SURPRISE, Ariz. -- Cubs manager Lou Piniella denied he had a "surprise" in store for Wednesday's game against the Texas Rangers at Surprise Stadium.
But Piniella did add a new twist to the Cubs' ever-evolving starting lineup: left fielder Alfonso Soriano moving from the leadoff spot to No. 2, beginning Friday.
That would move shortstop Ryan Theriot to first and right fielder Kosuke Fukudome to fifth, a move Piniella signaled Tuesday.
"We're just going to look at it; that's what spring training's for," said Piniella, who has been bemoaning his offense's lack of production. "We want to keep Soriano nice and healthy and strong all year. It seems to me that maybe out of the leadoff spot, he'll want to do too much, run too soon. We'll see. Just take a look at it."
Last year, Soriano missed five games with a left-hamstring strain in April. In August, he went on the disabled list for the first time in his career, missing three weeks with a severely strained right quadriceps.
"Put it this way: Out of the 2-hole, it might be easier for him to not have to run as much," Piniella said. "We've just got to look at it. My thought on this basically is for his own good and actually for the team's good because keeping him in that lineup is important to us."
Soriano batted leadoff Wednesday and hit his first homer of the spring in the fifth inning. He will get today off before batting second Friday.
As he always has done, Soriano voiced a willingness to go along with Piniella, even though he prefers to bat first. Last year in the third spot, Soriano was 5-for-28 (.179). He was 0-for-8 batting fifth, but he was a .308 hitter batting leadoff.
"I don't know," he told reporters after being forewarned of the move by Piniella. "Whatever he feels is good and works for the team, I'm OK. If he's thinking batting second that I can help the team more so, I'm OK with that. He's trying to protect my legs. I think I'll be fine with my legs, maybe a couple more games. I feel more confident with my legs.
"I'm going to be the same guy, still very aggressive at home plate and try to swing at strikes."
Of course, with Baltimore Orioles scouts watching the Cubs every day, the move might to a prelude to Brian Roberts leading off, if the teams can ever reach a deal.
"This gives us a sneak preview," Piniella said, maybe only half-joking.
Getting better: Center fielder Sam Fuld appears to be settling down after a slow start in the Cactus League. Fuld had fallen behind Felix Pie in the battle for a job in center.
Lou Piniella had attributed Fuld's struggles to dealing with his first big-league camp.
"I think it was probably a factor to some extent," Fuld said. "I try to play as relaxed and loose as possible, but I think there's only so much you can do. Nerves probably played a part at some level.

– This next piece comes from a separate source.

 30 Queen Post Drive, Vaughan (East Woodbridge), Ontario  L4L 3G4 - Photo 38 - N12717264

"I think it was a combination of that and not really feeling comfortable as it is. A lot of time, at-bats in the spring can be a struggle. It's your first swings and your first time seeing pitches in a few months."

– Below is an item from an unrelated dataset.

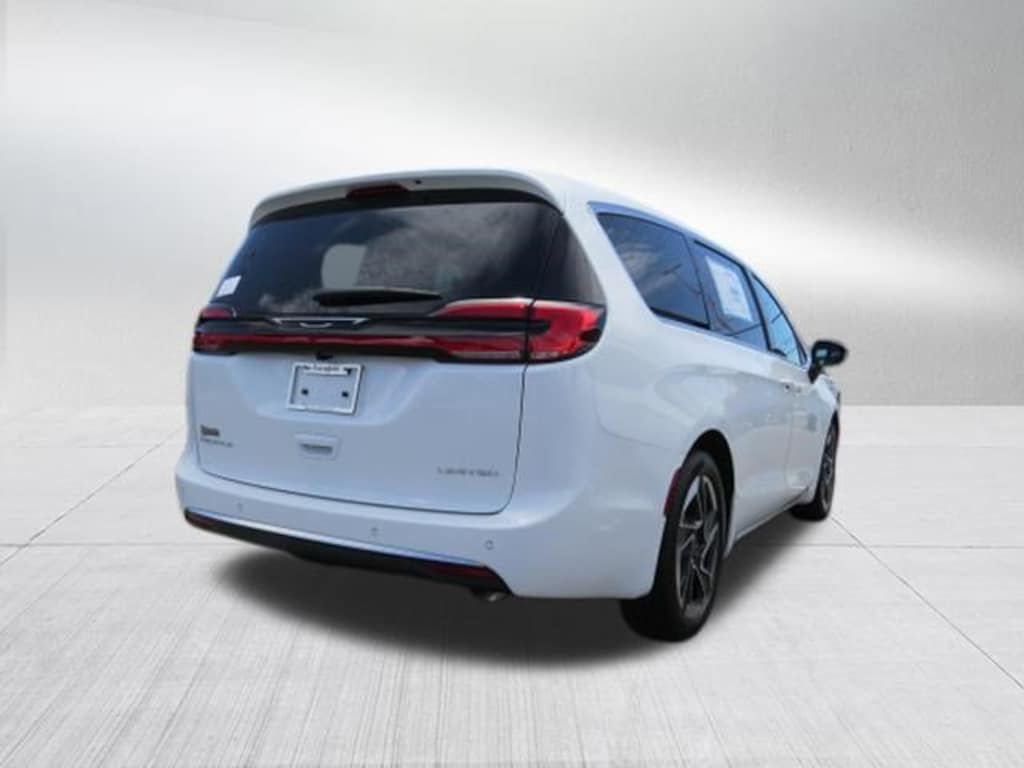 New 2027 Chrysler Pacifica Limited Passenger Van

Fuld made a pair of sparkling catches late last season for the Cubs. He doesn't have a big-league hit, but he was the MVP of the Arizona Fall League.
Rangers 5, Cubs 4
Cubs' record: 5-10
At the plate: Alfonso Soriano hit his first homer, a 2-run, opposite-field drive in the fifth. DH Daryle Ward picked up his fifth straight hit in Surprise, a first-inning single. Matt Murton had an RBI single, and nonroster first baseman Micah Hoffpauir hit his second homer.

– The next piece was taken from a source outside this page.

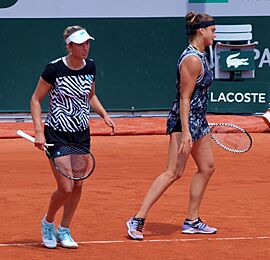 Paris-FR-75-open de tennis-2019-Roland Garros-court Mathieu-6 juin-double dames-09 (cropped)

On the mound: Lefty Ted Lilly worked 4 innings, giving up 7 hits and 3 runs. Jose Ascanio, who is struggling to make the team, gave up a homer to Michael Young in the fifth. Bob Howry (0-1, 11.81 ERA), working on back-to-back days, was the loser, giving up a homer to Gerald Laird. "Howry just struggles early, what I can I say?" manager Lou Piniella said. "Just keep getting his work and getting stronger."
Next: The Cubs return to HoHoKam Park to play the San Diego Padres. Jason Marquis pitches for the Cubs against Greg Maddux.